Neither, I meant Kaza's statement. But you seemed in favor of it.

Pineapple Thief
21-08-04, 01:00 AM
I don't agree at all.

If someone is going to betray you they'll do it no matter how you feel about them! Its something in them, not something you PUT there. And its a feeble excuse for a guy to say 'oh well she didn't trust me anyway so it was easier to cheat'.

If he's a good man; he won't betray you. Period. It all comes down to him & his values.


Nope. Not true. Its a lot more complicated than that in most cases. I think the statement is correct in all guys with a shred of morality, to varying degrees. If he thinks you dont think to highly of him, hes more likely to betray you. He justifies it in his mind, somehow. It happens. Life is never black and white.

sophis^catrina
21-08-04, 01:27 AM
I agree with Thiefie, the higher the insecurity when you don't trust him much, the stakes are high that he will cheat.

amo_l_oman
21-08-04, 01:28 AM
If he thinks you dont think to highly of him, hes more likely to betray you. He justifies it in his mind, somehow. It happens. Life is never black and white.
True, but such a person doesn't need this kind of encouragment coming from his partner insecurity, he'd do in any case.

Kazablanka
21-08-04, 06:50 PM
Deep inside the heart of every man is a secret wish to be fully trusted. When you completley trust a guy, it's like showing him that you really love him.


When a guy ...feels like you doubt in him, even though u dont show it (they can tell), there is more of a chance he would betray the little trust u have in him.
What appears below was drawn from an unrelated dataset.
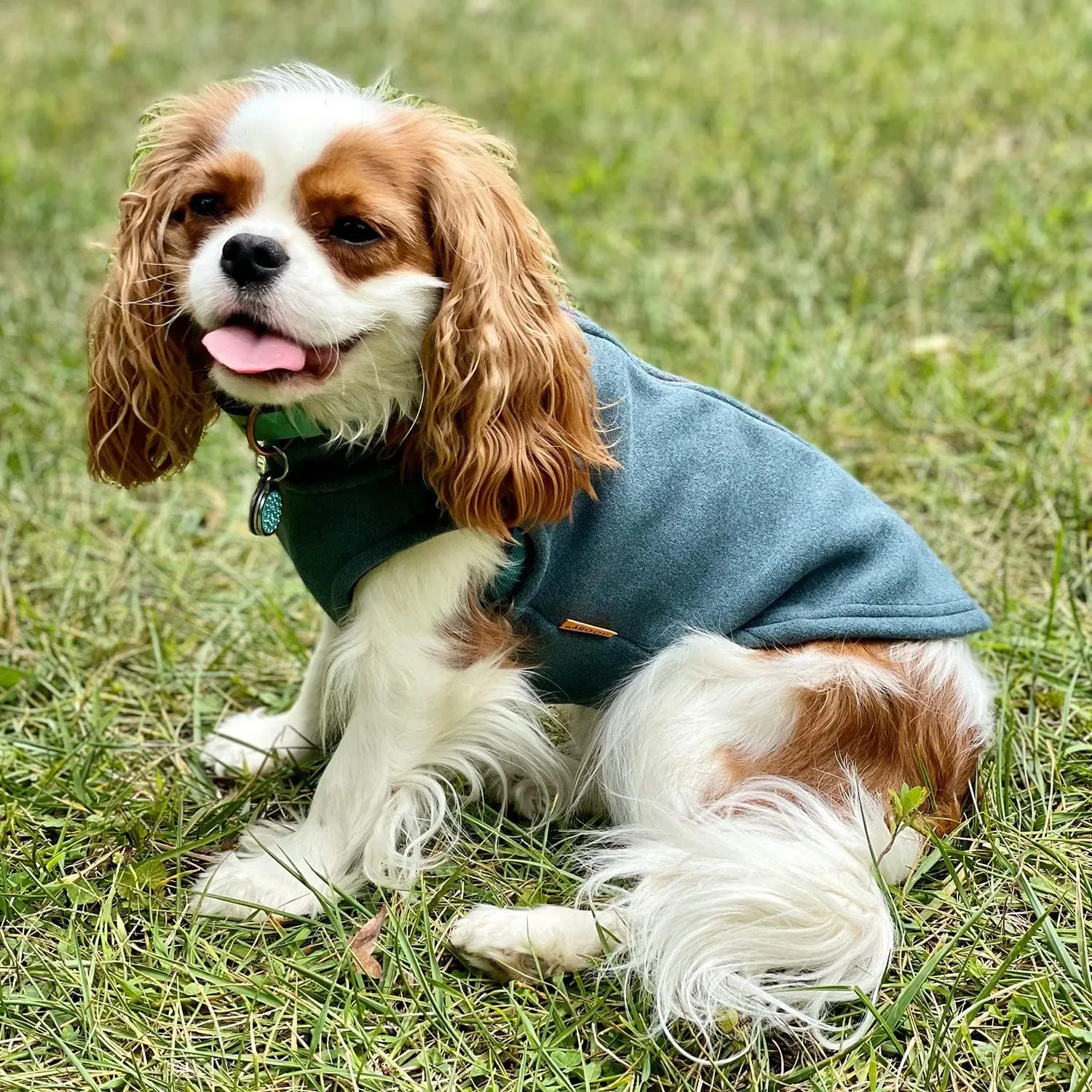 Gooby Zip Up Microfiber Fleece Sweater - Turquoise, Medium - Warm Double Layered Step-in Jacket Without Ring Leash - Winter Sweaters for Small and Medium Dogs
The statement does not only apply to men, I realized, It also applies on ME!

Example 1

Say my parents have full trust it me, they let me make my own desicions, let me do my own thing, because they trust me enough to know whats right and whats wrong. Say, I wanted to do something behind my parents back, I would think of the trust my parents have given me and how I would completly loose their trust and how my life will turn into a living hell if they ever found out what I was gonna do. I would really sit there and think about what may happen and if this thing I was about to dowas worth loosing their trust. After a long period of thinking, I'd realized, nothing it worth loosing their trust EXPECIALLY if it took me forever to gain the trust they have in me now.

Example 2

Ok lets say, my parents have little, if no trust in me, I'm being watched 24/7, I feel choked and i'm irritated by the way they treat me. I feel like I'm old enough to do my own thing, while they wont get off my @ss! If I wanted to do something behind their back, I wouldnt even think of that little trust they have in me, i'd be like, screw it, they already dont trust me, if they ever did find out what I did, it wouldnt make a difference anyway

So even if say the guy made a mistake and you felt he is untrustable, think this, EVERYONE makes mistakes, forgiveness is the key if you dont want him repeating whatever it is he did. Just forgive him for his shameless act and forget it even happened. I'm not saying you should take it easy, he should know how upset it made you, but with you giving him another chane and not giving him such a hard time about it, he'll probably feel bad for what he did and try his best to live up to your expectations.

But if you dont trust him the more likely he would repeat whatever he did or maybe something even worse. In short, When a guys does not feel trusted, he does not feel loved. Thats how I see it!

amo_l_oman
21-08-04, 09:04 PM
Can't open another thread now :os
Hmmm in example2 all depends on how much the person is untrustable, if he's far 1 mile or 100 mt., then he can be given a chance or not.

Libellula
25-08-04, 05:07 AM
I agree with this theory in general. Knowing that someone does not trust you, makes it easier for you to justify your actions.

When I come to think of myself though, I would probably try to prove them wrong by not betraying their trust.